[ih] error detection
Lawrence Stewart
stewart at serissa.com
Thu Oct 1 15:22:23 PDT 2020
This is a fascinating discussion.
There was a time, I think that people thought the hardware link checksum was sufficient, and indeed the CRC-32 is much better than the TCP software checksum.
Folks quickly realized that important parts of the overall system were not protected. Datapath inside adapters, memory bus transfers, bad memory in hosts and routers, etc.
Consequently an end to end checksum is essential.
Craig put succinctly the properties of CRC-32 (and in general, linear congruential codes in general) - they detect 100% of single burst errors shorter than the checksum, and 1-2^-n of all other errors. It is not even clear
The properties that make a good end-to-end checksum are a little different:
* you’d like to detect all or nearly all the common types of errors, such as memory addressing errors, core clobbers, etc.

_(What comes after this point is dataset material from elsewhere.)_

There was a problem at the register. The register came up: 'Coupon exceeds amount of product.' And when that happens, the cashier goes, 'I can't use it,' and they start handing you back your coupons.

* you’d like them to be <modifiable> if possible, so that a router can calculate a change to a checksum without recomputing the whole thing possibly based on erroneous data.
* you’d like them to be very fast, so they can run at memory bandwidth speeds
The latter requirement is a real problem, because we now have things like 100g interfaces and RDMA and zero copy data delivery to the end application. When exactly is the software going to pick up every byte?

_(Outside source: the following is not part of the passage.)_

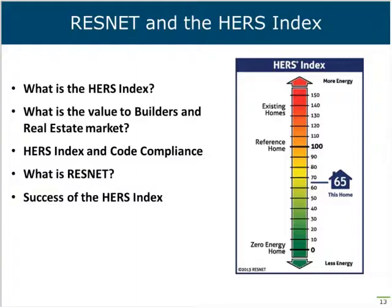Utility programs offer rebates based on a minimum HERS index — the better the HERS index, the better the rebate. Real estate agents can use the HERS index in their marketing materials. It's now part of the PITI — Principal, Interest, Taxes, and Insurance — adding E for energy efficiency, where that adds to the overall value of the home. The appraisal market is getting into recognizing the HERS index because the home can now appraise better based on a lower HERS index.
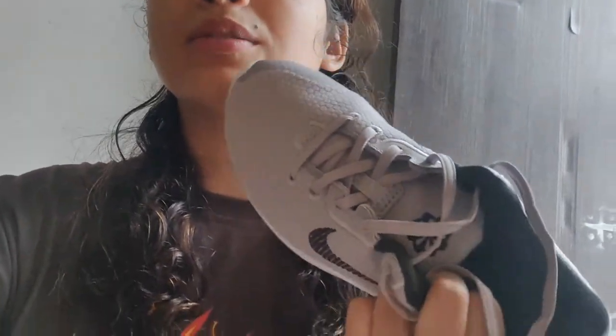I have decided to return these shoes because I didn't like it, and it wasn't worth the money. There was no packaging. So I will go back to these shoes.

I think the attraction of error detecting codes over cryptographic hashes is a mistake. CPUs now include AES hardware, and it can be faster than any software alternative. Sure it doesn’t catch every burst error less than the block size, but who cares? You get the additional benefits of protection against actual adversaries in addition to protection against random and (most) burst errors.
In practice, all that is necessary is to push down the undetected error rate below the next most likely cause of trouble. Undetected disk read errors for example, are around 10^-14 to 10^-16, which is the equivalent of about 48-50 bit CRCs. It seems likely that AES computed hashes, at 2^-128 are not going to be a problem for a long time. (And this is why people with a lot of disks use end-to-end file checksums as well.)
https://www.jandrewrogers.com/2019/03/06/aquahash/ says that several year old things like Skylake can do AES hashes at 15 bytes/cycle, which is..impressively fast.
Cryptographic hashes don’t solve the modifiable issue, but I suspect their other benefits are more important.